# Garmin Etrex 20 Elevation Data Help



## michael1 (Nov 17, 2011)

How can I find what my total elevation gain is on the odometer? I can't seem to find it.


----------



## DesertDog (Apr 14, 2006)

michael1 said:


> How can I find what my total elevation gain is on the odometer? I can't seem to find it.


It's not one of the standard data fields. If you want to view that information on the trip computer screen, you'll need to change one of the fields to show total elevation ascent.

From the trip computer screen, press the Menu button. In the menu options, should be something like a modify data fields option - select it. After that, use the joystick to move to the field you will change, press down/enter on the joystick and select the new field from the list (there are several pages of fields available). Save changes and exit. The new elevation field should now display on the trip computer screen.

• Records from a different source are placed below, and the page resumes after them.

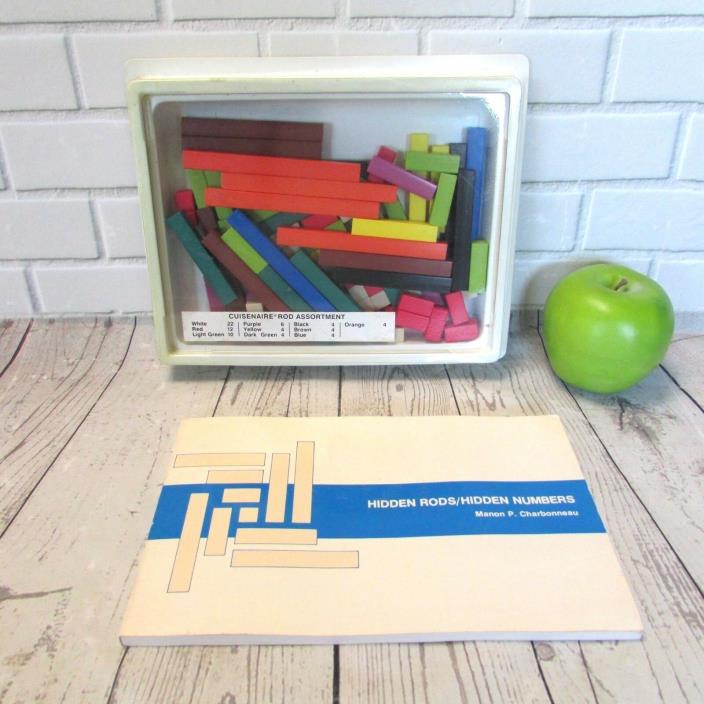 Cuisenaire Hidden Rods Hidden Numbers Games of Logic Math Concepts Rods + Book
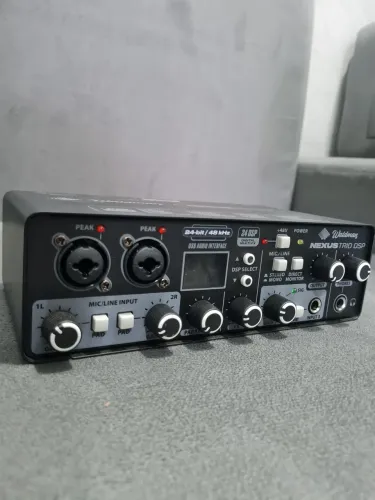 Interface de Áudio Waldman Nexus Trio DSP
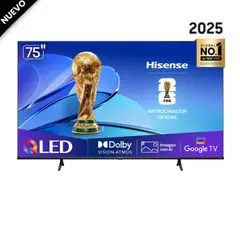 HISENSE - Televisor 75 Qled 4k 75QD6N Google Tv 2025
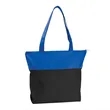 Good Value™ Poly Pro Two-Tone Zippered Tote | https://www.bestnamebadges.com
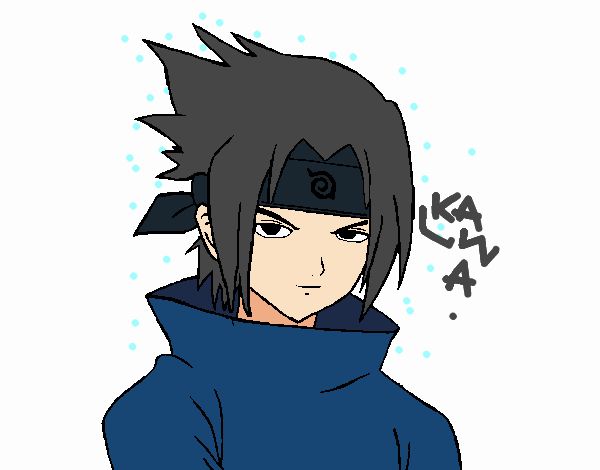 Sasuke enfadado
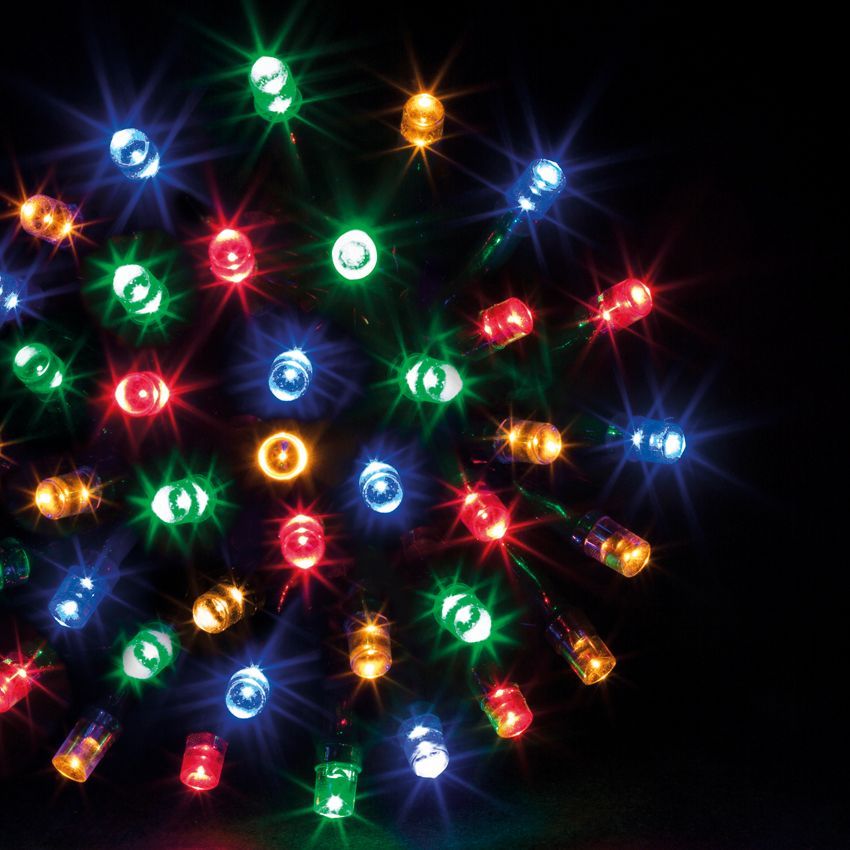 Guirlande Lumineuse Intérieure et Extérieure 30 m 300 LED Rouge et Vert et  8 jeux de lumière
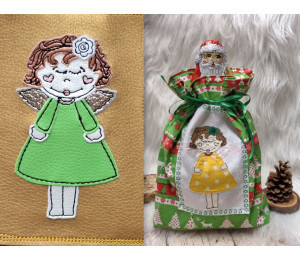 ADVENTSKALENDER 6. Dezember - Stickdatei Weihnachtsengel Appli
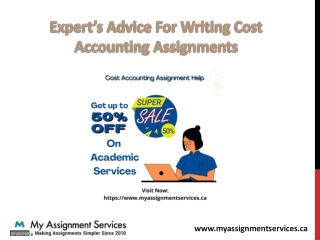 Expert’s Advice For Writing Cost Accounting Assignments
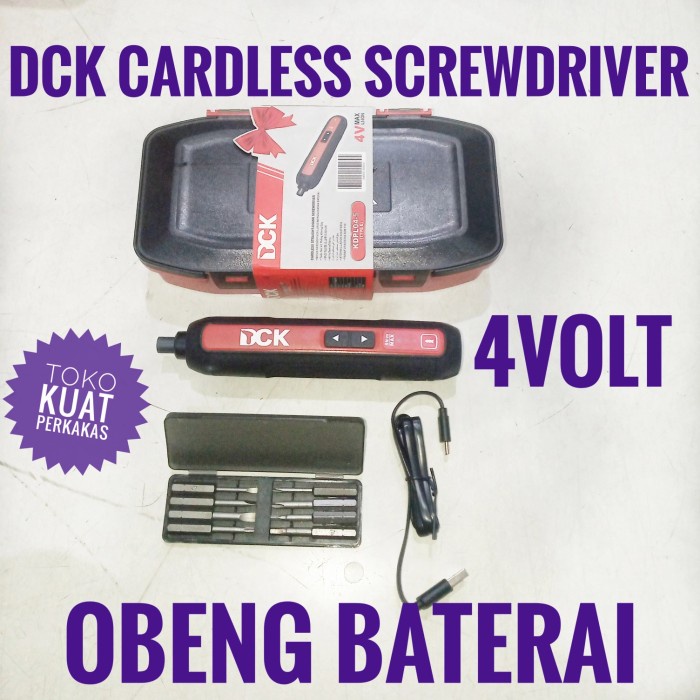 Dck cordless screwdriver obeng baterai 4volt KDPL04-5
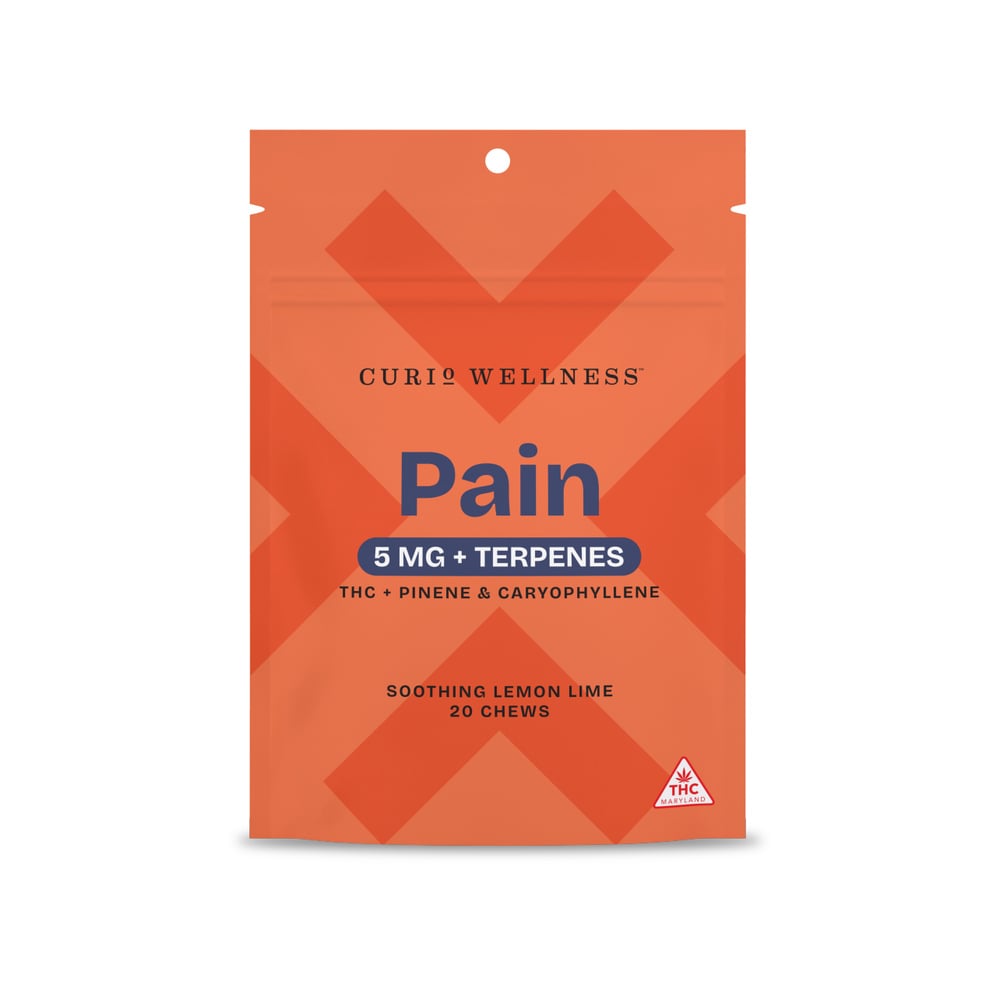 Pain Soothing Lemon Lime [20pk] (100mg) Formerly Lemon Lime Terpene Infused Chews
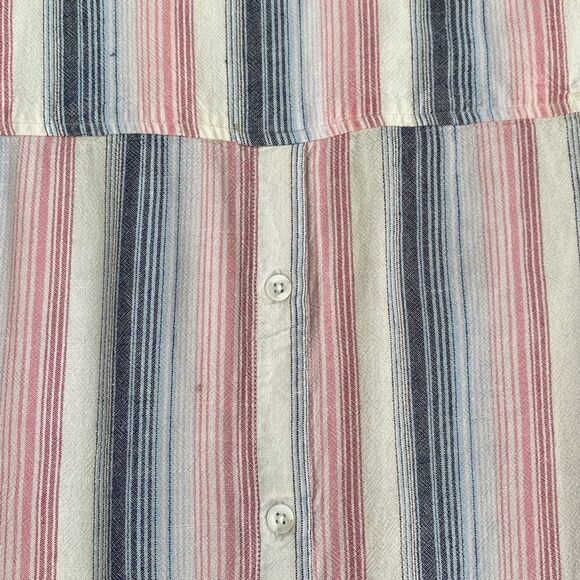 Cloth & Stone Sunburst Stripe Button Back Raw Hem‎ Dress Cover-Up S - Picture 11 of 15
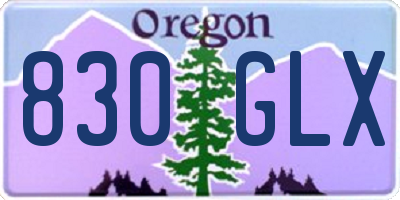 OR license plate 830GLX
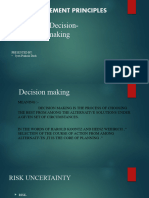 Decision Making (Management Principles) PPT (Presentation)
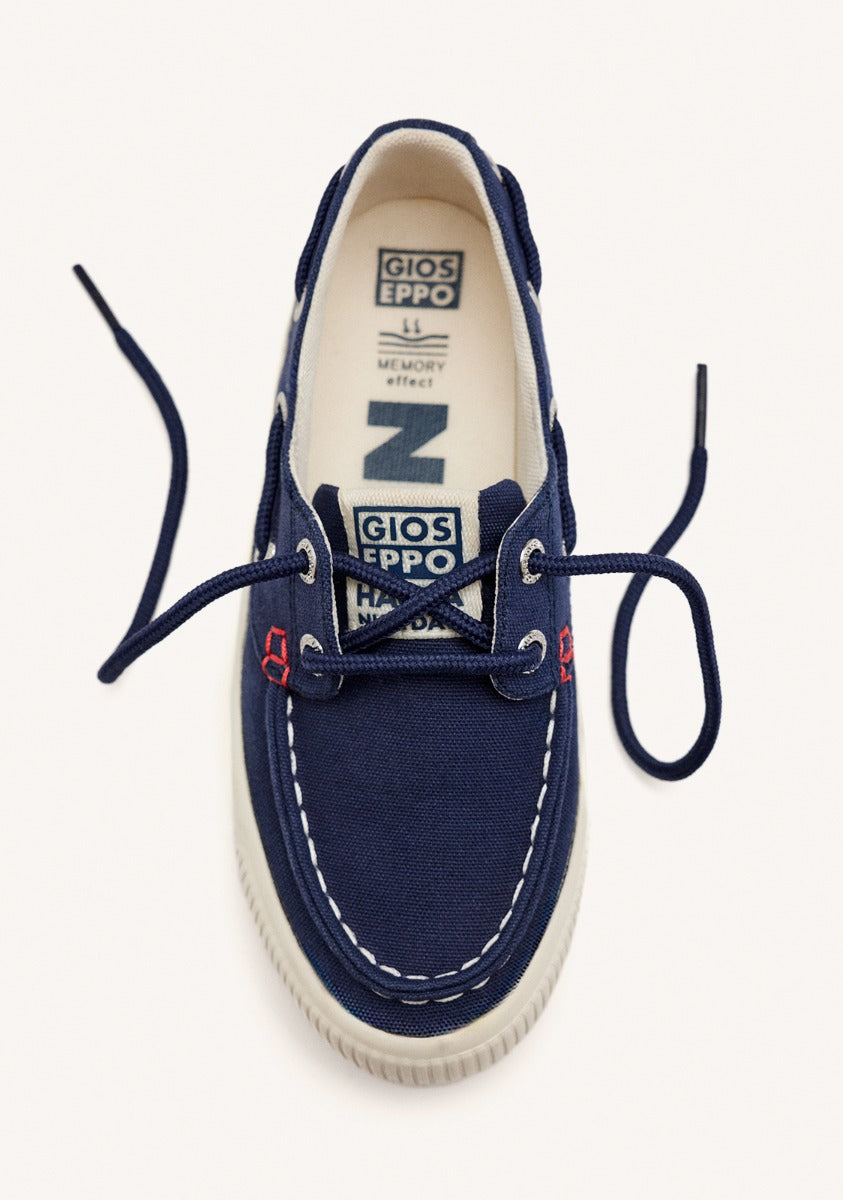 SPORTY NAUTICAL STYLE NAVY BLUE SHOES FOR BOYS AND GIRLS LICATA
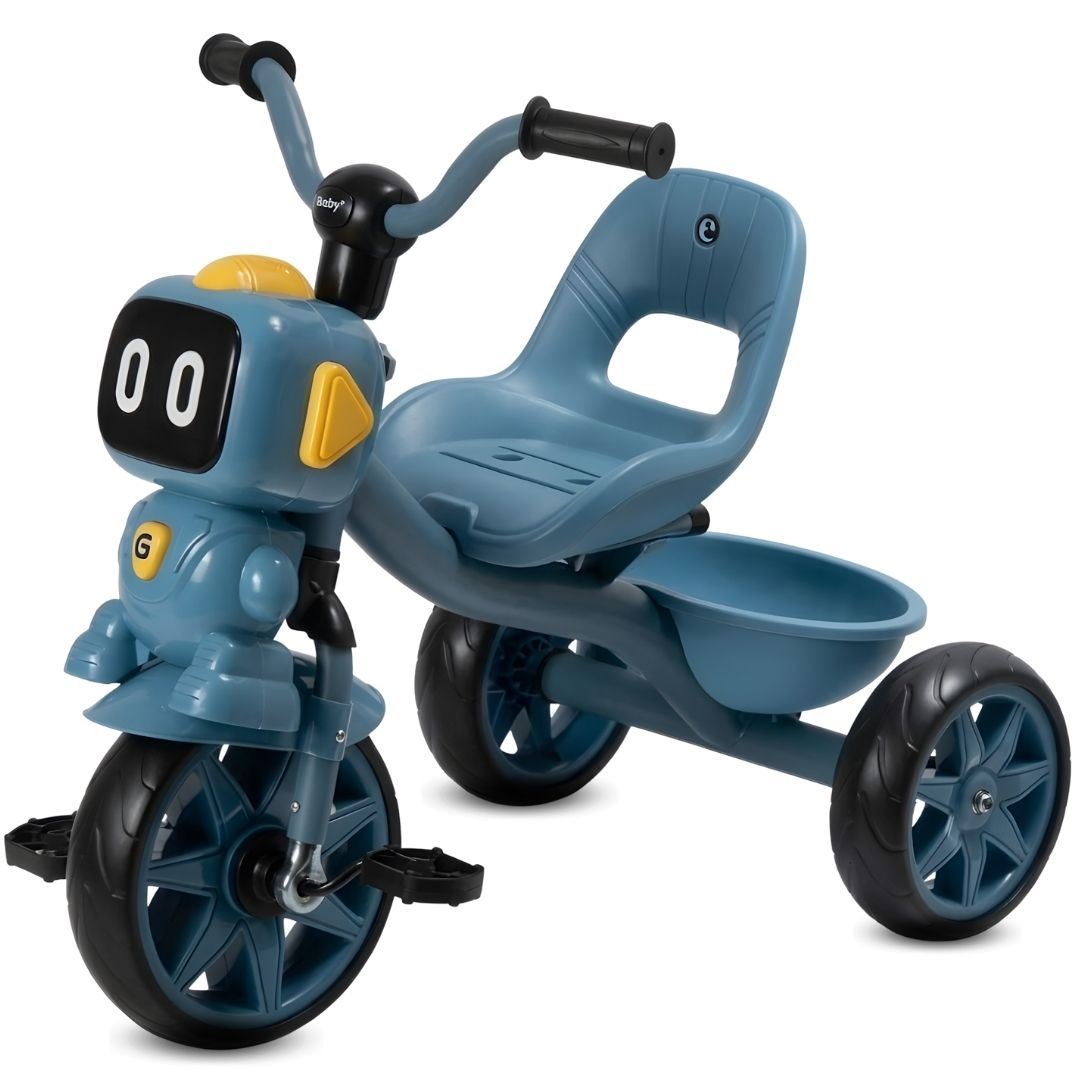 Triciclo Chavito Musical «CHOP» con Diseño a Pedales Blue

Just play around, I think there is even a menu option to reset the trip computer back to default data fields? If all else fails, check around pages 28 and 47 of your etrex user manual.


----------



## guidodg (Mar 2, 2004)

the total ascent on my friends Etrex 20 cannot be reset to zero....serious firmware issue that I hope Garmin will resolve soon even though it has been going on since last year!


----------



## guidodg (Mar 2, 2004)

and another thing...the Total Ascent field can only be shown on the map page...not on the main odometer page..

Garmin wake up!!!!


----------